If you look solely at the fish we consume here in America, we're a predictable crowd. Since at least 2001, shrimp, canned tuna and salmon have placed first, second and third on the "Top 10 Consumed Seafoods" list published by the National Fisheries Institute every single year. Yawners. (Plus, tuna used in canning, other than albacore and skipjack, is overfished.) But according to a Wall Street Journal story, chefs are increasingly turning to undervalued species as a way to keep the menu interesting, and possibly quell demands placed on other overfished species.

Take cuttlefish, for example, which is cut into strips and paired with a flatiron steak at Miami's Area 31, while sheepshead (a fish known for its human-like teeth) is on the board at nearby AltaMare. Other chefs are turning to finfish like pompano, golden tilefish, triggerfish or hogfish. The BP oil spill played a role in the fish swapping as well.

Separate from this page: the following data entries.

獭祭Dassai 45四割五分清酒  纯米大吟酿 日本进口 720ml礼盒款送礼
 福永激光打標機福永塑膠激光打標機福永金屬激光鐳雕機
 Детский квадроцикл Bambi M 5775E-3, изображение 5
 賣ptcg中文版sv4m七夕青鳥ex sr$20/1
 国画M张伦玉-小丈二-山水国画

At New Orleans-based Cafe Atchafalaya, North Carolina rockfish was used as a substitute for their traditional redfish and crawfish-stuffed flounder.

"In general, expanding the base of fish from which we choose from is a very good idea," says Tim Fitzgerald, marine scientist with the Environmental Defense Fund. "One caveat, though, is if we switch a lot of our sourcing to less common or overfished species, or those that are farmed in destructive ways, that's not a good thing. But if we can identify species of fish that have healthy populations and can withstand the extra demand, that's wonderful."